On August 27th, a judge released the boy to his parents without charging him with any crime. He wasn’t a psychopath trained to kill via virtual reality. He didn’t hate his grandmother and never meant to kill her. In fact, he thought the gun was a toy.

“He doesn’t know that if you point a gun at somebody, it kills them and they’re gone forever,” said District Attorney Samuel D’Aquilla. “It’s not because he is a cold-blooded killer and he did this to kill his grandmother.” In fact, D’Aquilla added, the kid is “really shaken up.”

“Whether you can link it back to Grand Theft Auto, I don’t know,” D’Aquilla continued. “In my mind, I would say it’s something the kids don’t need to be seeing because it distorts reality.”
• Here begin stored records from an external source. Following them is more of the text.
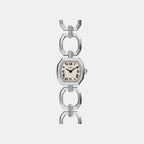 Harlow Mini Women Quartz Cream Dial Analog Stainless Steel Watch ES5485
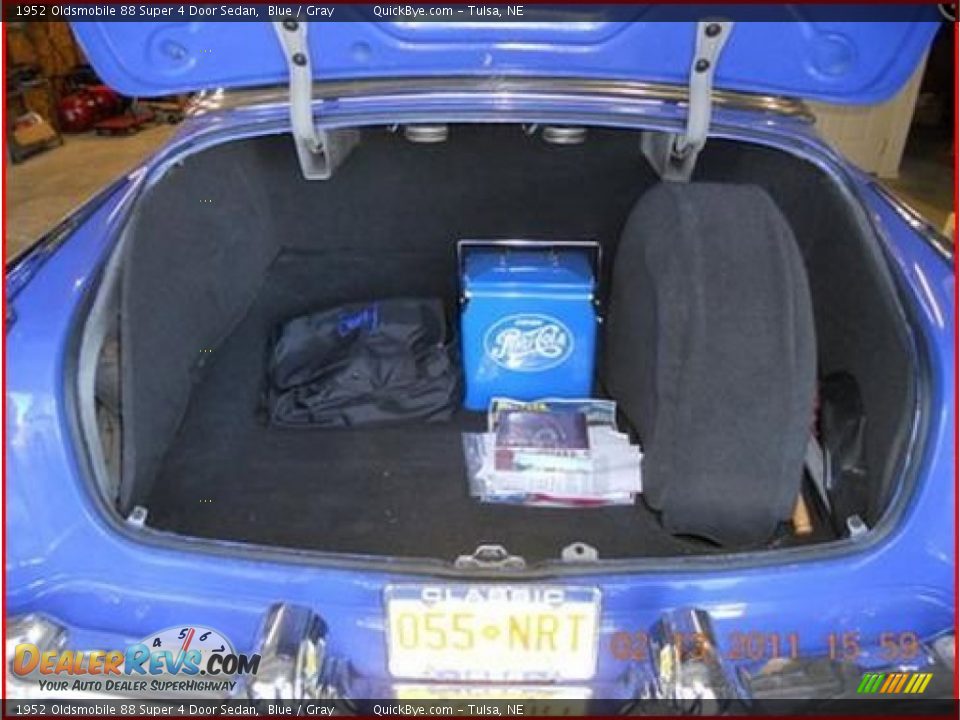 1952 Oldsmobile 88 Super 4 Door Sedan Blue / Gray Photo #8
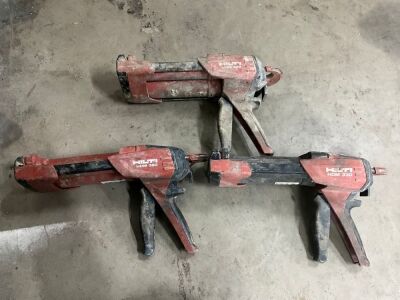 3No. HILTI HDM330 ADHESIVE GUNS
In other words, the boy was playing a game that had guns in it. Then when he stopped playing the game, he found a real gun that he thought was a toy, pointed it at his grandmother and pulled the trigger. Grand Theft Auto IV didn’t turn him into a mindless killer without empathy. It didn’t drag him into a virtual reality world that was “worse than heroin” or make him “intentionally” shoot his grandmother like the Sheriffs claimed. While it’s true he might’ve been modeling his behavior on Niko Bellic, his intention wasn’t to cause harm. He was just a kid, practicing imaginary play like so many kids do, not realizing that he did so with a real weapon. Would he have picked up the gun and played with it had he not played GTA? Maybe, maybe not. He’s hardly the first young man to shoot another person with a gun he thought was fake.

Everything else, every talking point and expert opinion, was just conjecture spun in the absence of any real information. A hundred straw man arguments and false assumptions, “facts” that were never true repeated ad nauseum, old quotes journalists dug up that had little connection to the circumstances, all of them were creations of the mind that did nothing but smear a poor kid during the worst week of his life. Was the boy living in a distorted reality? Perhaps – but we know cable news was.

Here’s what to take away from all this: Go home and hug your kids. If you have guns, lock them up far out of reach. Talk to the young people in your life about how guns aren’t toys, and teach them never to touch a “toy” gun they’re not familiar with until they’ve asked an adult. Know the videogame rating systems and buy them age-appropriate games. If you’re worried about them borrowing violent games from a friend, tell them they’re only allowed to play a game after showing it to you.

Or better yet: play games as a family. That way you’ll always know what your kids are into.